How would you apply the quadratic formula to 2x^2 + 4x - 6 = 0?

Answers:

• To solve the quadratic equation ( 2x^2 + 4x - 6 = 0 ) using the quadratic formula, we first need to identify the coefficients ( a ), ( b ), and ( c ) from the standard form of a quadratic equation ( ax^2 + bx + c = 0 ).

  Here, we can identify:

  • ( a = 2 )
  • ( b = 4 )
  • ( c = -6 )

  The quadratic formula is given by:

  [ x = \frac{-b \pm \sqrt{b^2 - 4ac}}{2a} ]

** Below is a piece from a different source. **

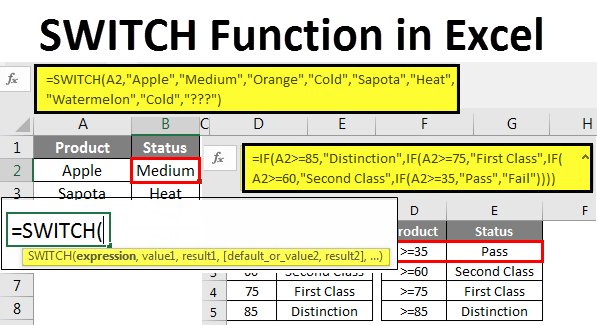 excel switch case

  Now, we can substitute the values of ( a ), ( b ), and ( c ) into the formula:

  1. Calculate ( b^2 - 4ac ):

  [ b^2 = 4^2 = 16 ] [ 4ac = 4 \cdot 2 \cdot (-6) = -48 ] [ b^2 - 4ac = 16 - (-48) = 16 + 48 = 64 ]

  2. Now that we have ( b^2 - 4ac = 64 ), we can substitute into the quadratic formula:

  [ x = \frac{-4 \pm \sqrt{64}}{2 \cdot 2} ]

  3. Calculate ( \sqrt{64} ):

  [ \sqrt{64} = 8 ]

  4. Substitute back into the formula:

  [ x = \frac{-4 \pm 8}{4} ]

  This gives us two possible solutions:

  Solution 1:

  [ x = \frac{-4 + 8}{4} = \frac{4}{4} = 1 ]

  Solution 2:

  [ x = \frac{-4 - 8}{4} = \frac{-12}{4} = -3 ]

  Therefore, the solutions to the equation ( 2x^2 + 4x - 6 = 0 ) are:

  [ x = 1 \quad \text{and} \quad x = -3 ]